→ Work item: Write out exactly the lines from the one containing "DIY-Fodder13.jpg" through the last line of the records below, both included, and leave out any pictures.

[Input material]

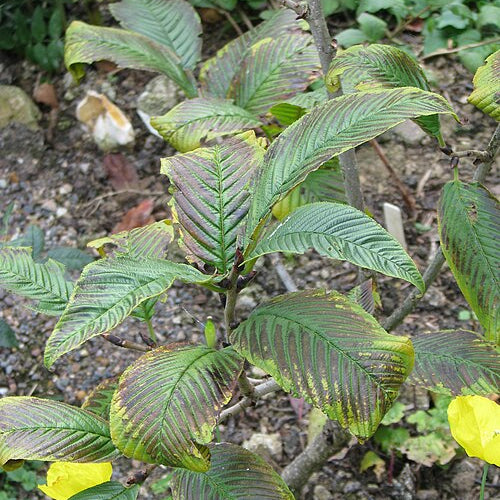 Rhamnus imeretina
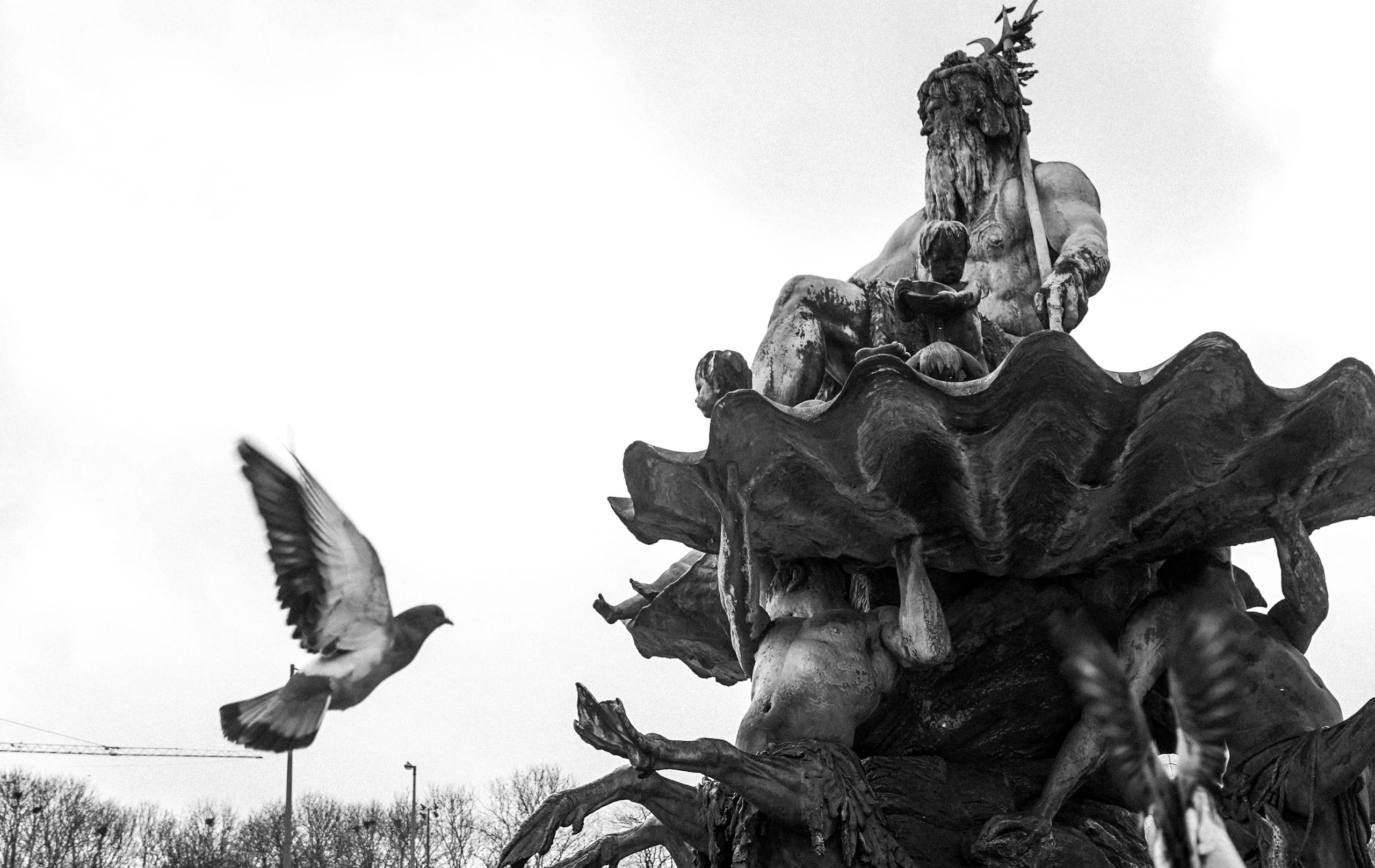 Пернатый психоз. Стрит-фотография, полная абсурда, идиотизма и красоты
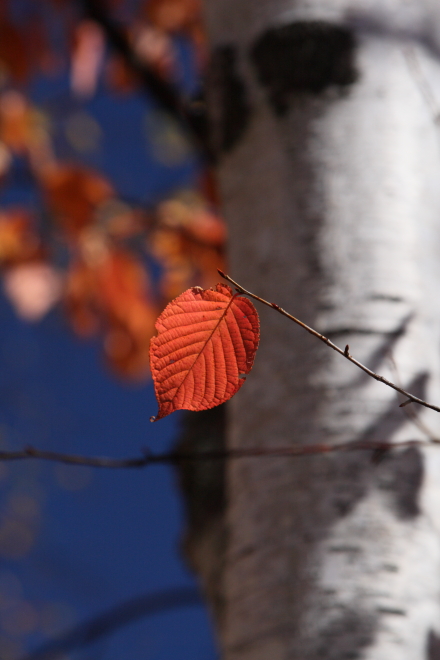 奥日光の紅葉　＜３＞　湯ノ湖周辺 ①　２０１２・１０・２０_e0143883_19135353.jpg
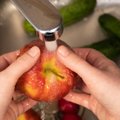 Всем фрукты: в Таллинне на остановках бесплатно будут раздавать яблоки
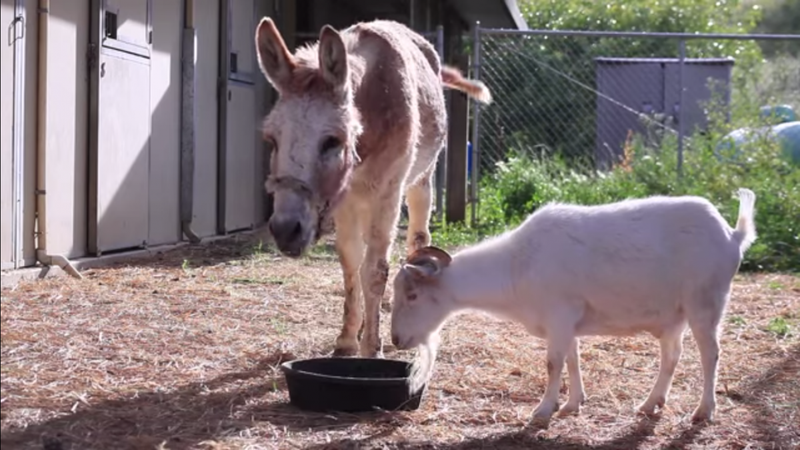 Джеллибин и Мистер Джи. © youtube.com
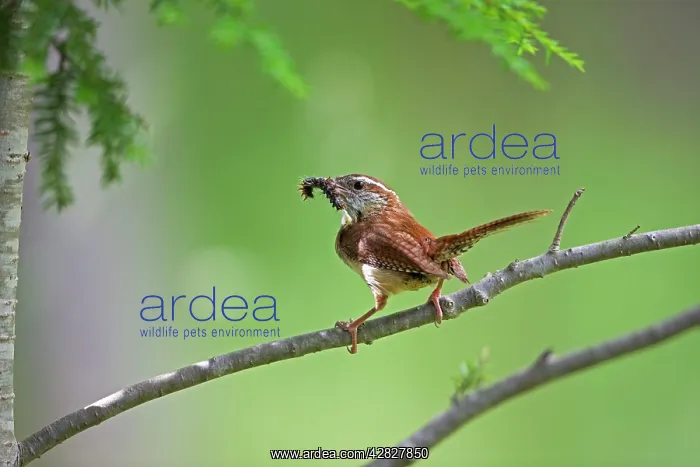 : Carolina Wren - Perched on branch holding caterpillar : Carolina Wren - Perched on branch holding caterpillar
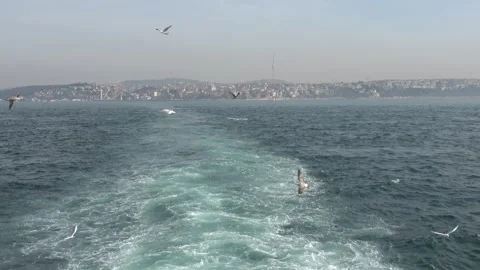 Seagulls Flying Over Ferry Wake on the Bosphorus Video stock 322934879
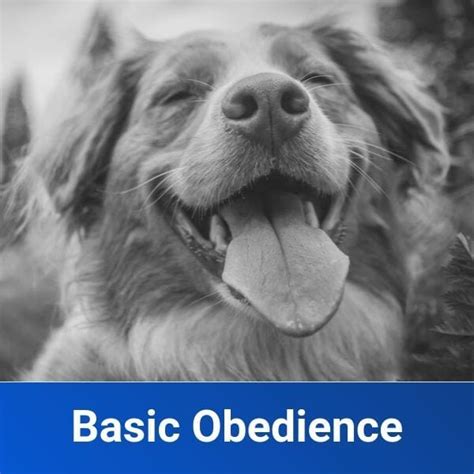 basic obedience  leash  training columbus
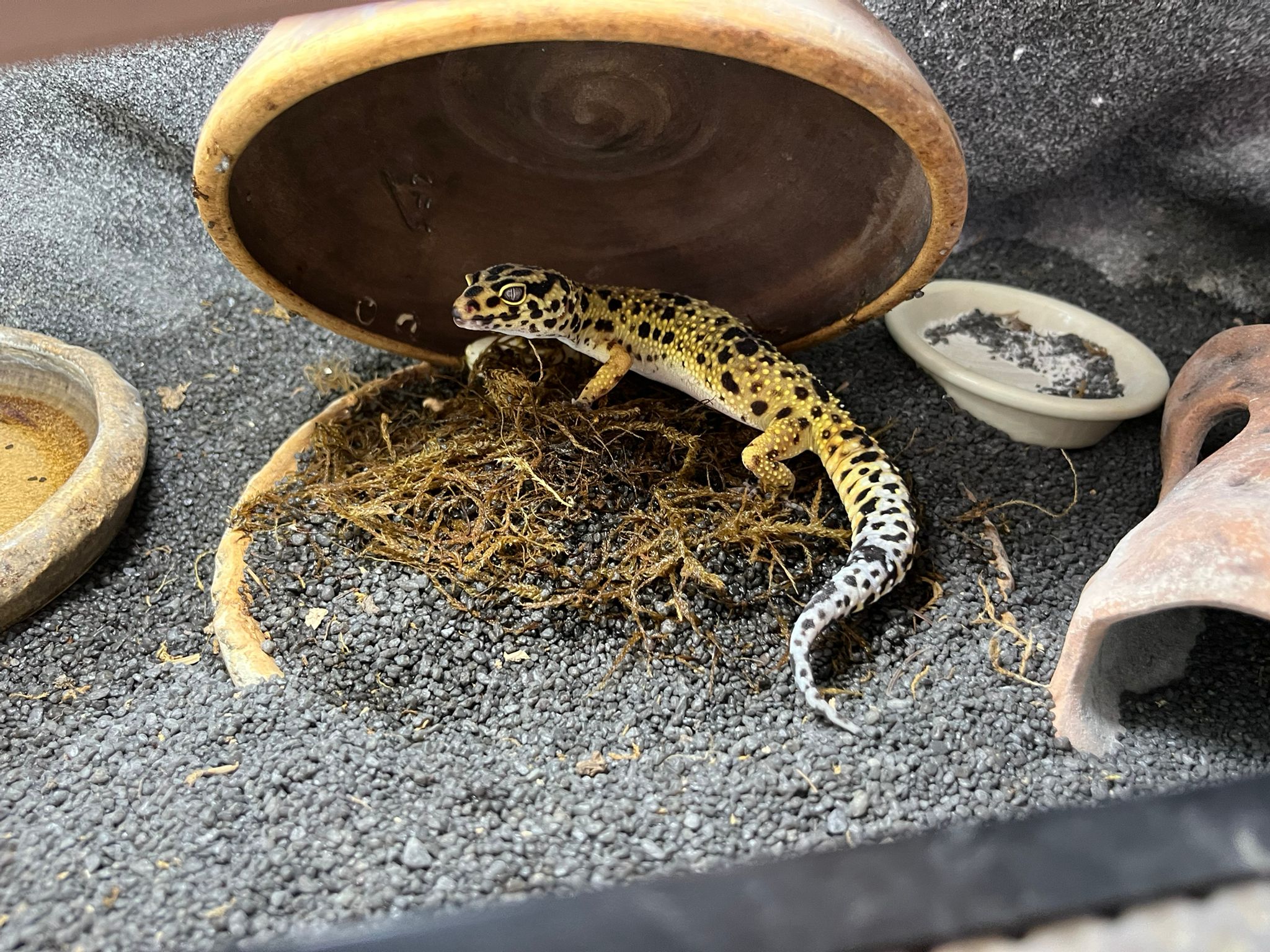 An adult female leopard gecko guarding a fresh clutch of eggs in a coco-fiber nest under a wooden hide, on gravel substrate.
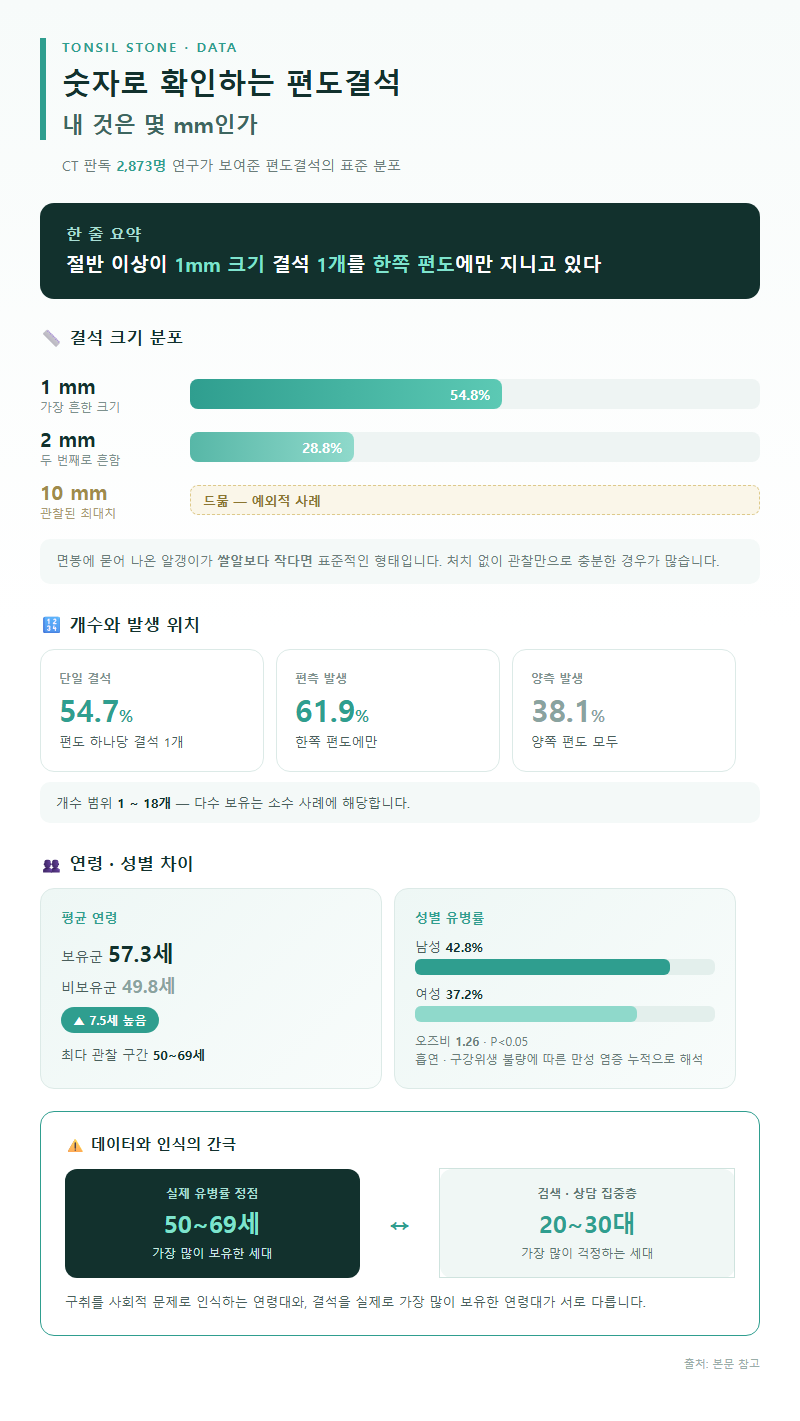 1. 숫자로 확인하는 편도결석: 내 것은 몇 mm인가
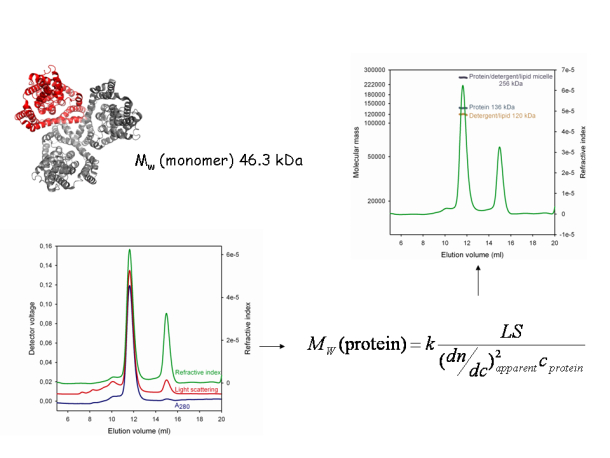 SEC-MALLS analysis of the trimeric Glutamate transporter GltT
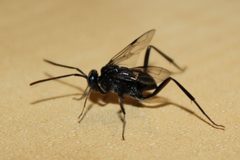 Evania appendigaster 3 by David Crummey. Used under a CC BY 2.0 license.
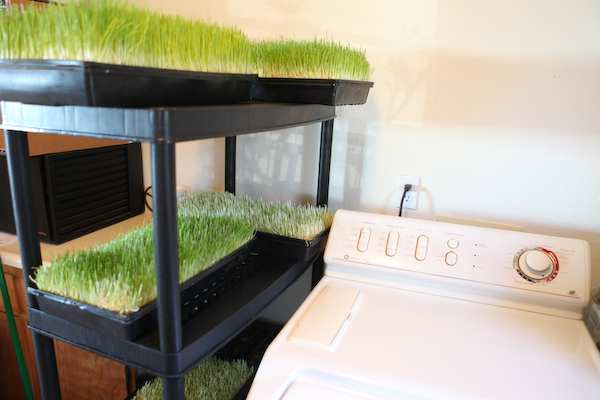 DIY-Fodder13.jpg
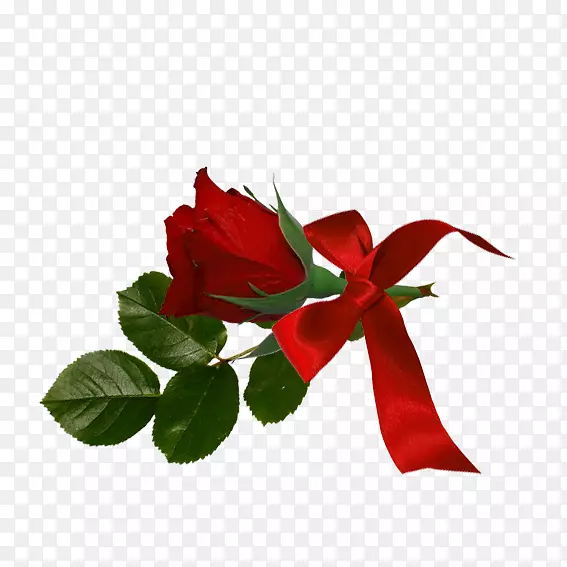 ��԰õ�廨������л�-������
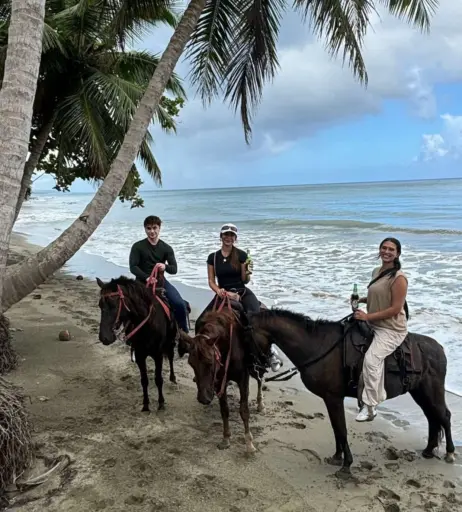 Image 3561921 from Malayaax - Sophieraiin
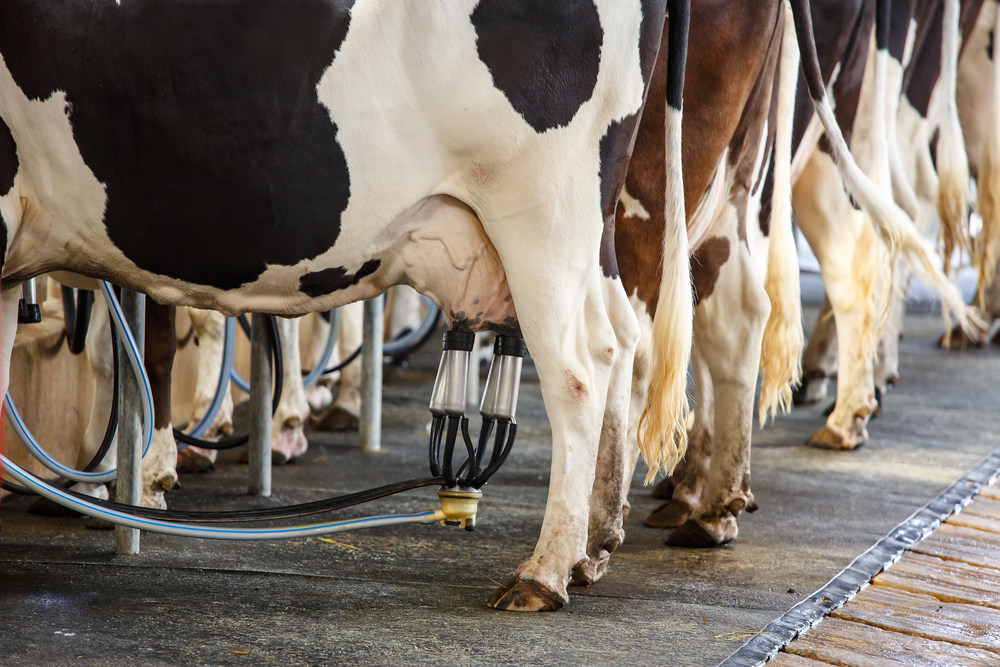 Where does milk come from?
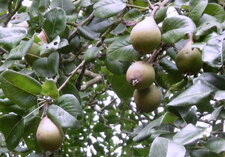 Poires sauvages
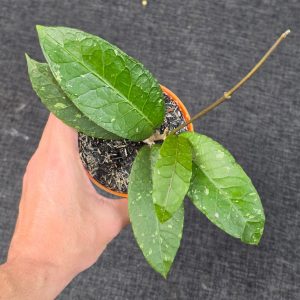 Hoya sp. 'Aceh Ceratops'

[/Input material]

→ Exercise answer:
 DIY-Fodder13.jpg
 ��԰õ�廨������л�-������
 Image 3561921 from Malayaax - Sophieraiin
 Where does milk come from?
 Poires sauvages
 Hoya sp. 'Aceh Ceratops'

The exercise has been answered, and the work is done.